Documentation
¶
Index ¶
Constants ¶
const Version = "0.3.18 "
Version of library and cli tools.
Variables ¶
var ( ErrFileTooLarge = errors.New("file too large") ErrInvalidHash = errors.New("invalid hash") DefaultBucket = "sandcrawler" // DefaultBucket for S3 )
Functions ¶
This section is empty.
Types ¶
type BlobRequestOptions ¶ added in v0.3.5
type BlobRequestOptions struct { Folder string Blob []byte SHA1Hex string Ext string Prefix string Bucket string }
BlobRequestOptions wraps the blob request options, both for setting and retrieving a blob.
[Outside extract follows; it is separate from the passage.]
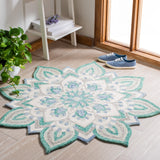 SAFAVIEH Handmade Novelty Amelie Flower Wool Rug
Currently used folder names:
- "pdf" for thumbnails - "xml_doc" for TEI-XML - "html_body" for HTML TEI-XML - "unknown" for generic
Default bucket is "sandcrawler-dev", other buckets via infra:
- "sandcrawler" for sandcrawler_grobid_bucket - "sandcrawler" for sandcrawler_text_bucket - "thumbnail" for sandcrawler_thumbnail_bucket
type PutBlobResponse ¶
PutBlobResponse wraps a blob put request response.
type WalkStats ¶ added in v0.3.16
func (*WalkStats) SuccessRatio ¶ added in v0.3.16
type Walker ¶ added in v0.3.16
type Walker struct { Dir string NumWorkers int KeepSpool bool GrobidMaxFileSize int64 Timeout time.Duration Grobid *grobidclient.Grobid S3 *WrapS3 // contains filtered or unexported fields }
Walker is a walker that runs postprocessing in parallel.
type WebSpoolService ¶ added in v0.3.5
WebSpoolService saves web payload to a configured directory. TODO: add limit in size (e.g. 80% of disk or absolute value)
func (*WebSpoolService) BlobHandler ¶ added in v0.3.5
func (svc *WebSpoolService) BlobHandler(w http.ResponseWriter, r *http.Request)
BlobHandler receives binary blobs and saves them on disk. This handler returns as soon as the file has been written into the spool directory of the service, using a sharded SHA1 as path.
func (*WebSpoolService) SpoolListHandler ¶ added in v0.3.5
func (svc *WebSpoolService) SpoolListHandler(w http.ResponseWriter, r *http.Request)
SpoolListHandler returns a single, long jsonlines response with information about all files in the spool directory.
func (*WebSpoolService) SpoolStatusHandler ¶ added in v0.3.5
func (svc *WebSpoolService) SpoolStatusHandler(w http.ResponseWriter, r *http.Request)
SpoolStatusHandler returns HTTP 200, if a given file is in the spool directory and HTTP 404, if the file is not in the spool directory.
type WrapS3 ¶ added in v0.3.5
type WrapS3 struct {
Client *minio.Client
}
WrapS3 slightly wraps I/O around our S3 store with convenience methods.
func NewWrapS3 ¶ added in v0.3.5
func NewWrapS3(endpoint string, opts *WrapS3Options) (*WrapS3, error)
NewWrapS3 creates a new, slim wrapper around S3.
func (*WrapS3) PutBlob ¶ added in v0.3.7
func (wrap *WrapS3) PutBlob(ctx context.Context, req *BlobRequestOptions) (*PutBlobResponse, error)
PutBlob takes puts data in to S3 with key derived from the given options. If the options do not contain the SHA1 of the content, it gets computed here. If no bucket name is given, a default bucket name is used. If the bucket does not exist, if gets created.